SEO for Startups: Top 7 Lessons + A Trip to Y Combinator - davecardwell
http://www.seomoz.org/blog/seo-for-startups-top-7-lessons

======
patio11
It was excellent of Rand both to give this presentation and for him and YC to
post it publicly, because I think the startup community has a giant blind spot
where SEO is concerned. It isn't just black magic, goat entrails, and snake
oil.

My one qualification, on advice #7 ("you should have sources of traffic other
than Google"): while it is certainly dangerous to have 90% of your traffic
coming from Google, in certain niches you have little other choice. If you're
pitching a product in a niche with lots of linkerati in it, you're going to
have lots of non-Google traffic. If you're pitching a product on Facebook,
you're going to have lots of non-Google traffic. If you're pitching a product
to forty-something ladies, you're probably not going to have lots of non-
Google traffic, because _Google is the Internet's navigation for these users_.
They don't have a regular blog they trust, they don't spread links around
themselves at nearly the velocities y'all do, they don't tweet.

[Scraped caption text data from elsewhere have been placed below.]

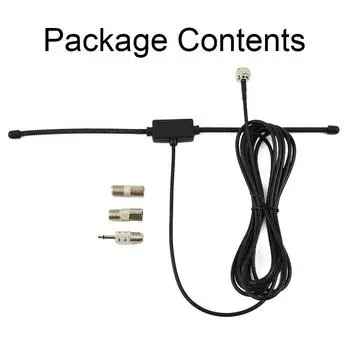 300 см FM-радио антенна FM диполь антенный разъем адаптер FM радио домашний стерео аудио видео домашний кинотеатр приемник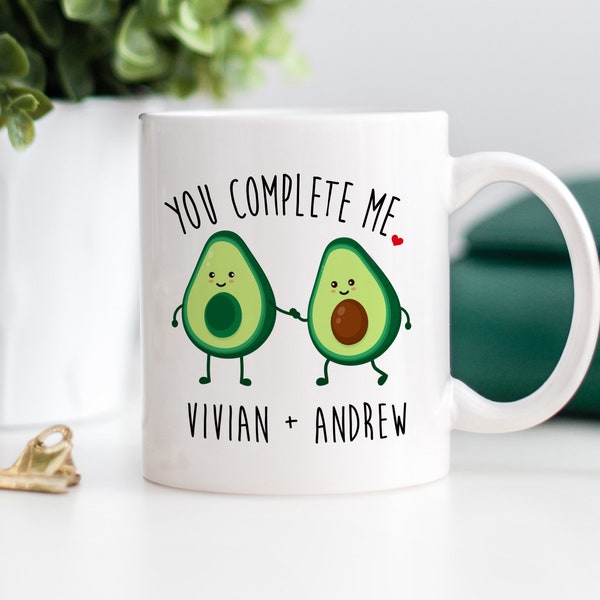 Avocado You Complete Me 483ml Grande Latte Tazza - Divertente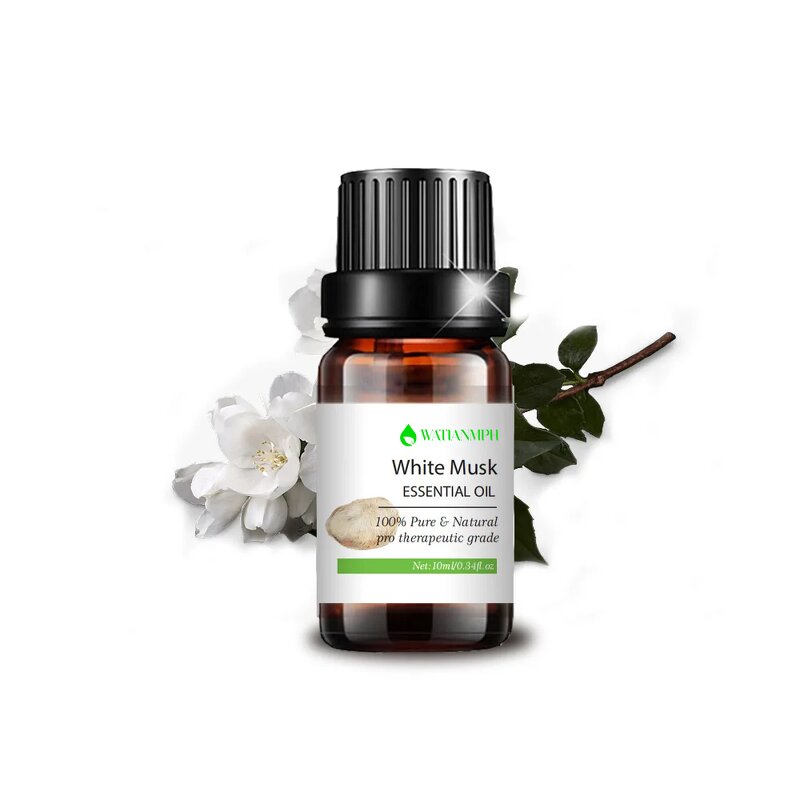 White Musk Essential Oil Factory - Plant Smell Body Oil OEM 10 ml Organic Natural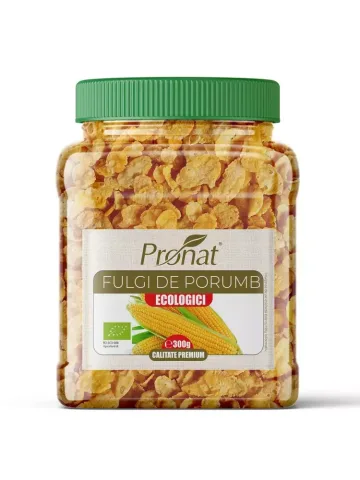 Fulgi de porumb bio, 300g Pronat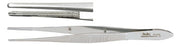 Miltex Miltex Dressing Forceps Bonaccolto 4 Inch OR Grade Stainless Steel (German) NonSterile NonLocking Thumb Handle Straight Serrated Tip - 18-971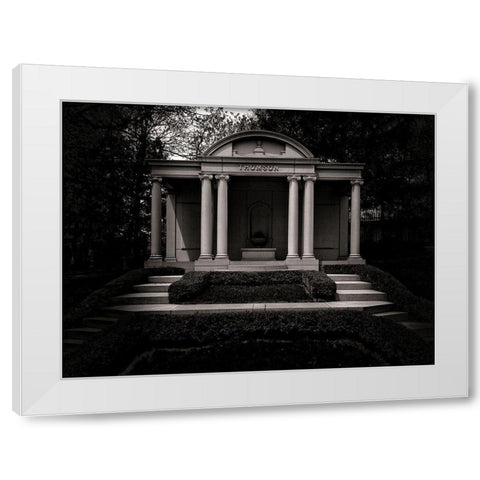 Tombstone Shadow No 32 White Modern Wood Framed Art Print by Carson, Brian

But they do
Google. The sites that they might click through to you from? They got to those
by Google, too.

Since I tend to pitch to non-technical users and need marketing that scales
out of proportion to time invested, Plan A: Google. Plan B: AdWords. Plan C:
I've been looking for a good candidate for 3 years now. (P.S. If your startup
has an option I will pay you money for it.)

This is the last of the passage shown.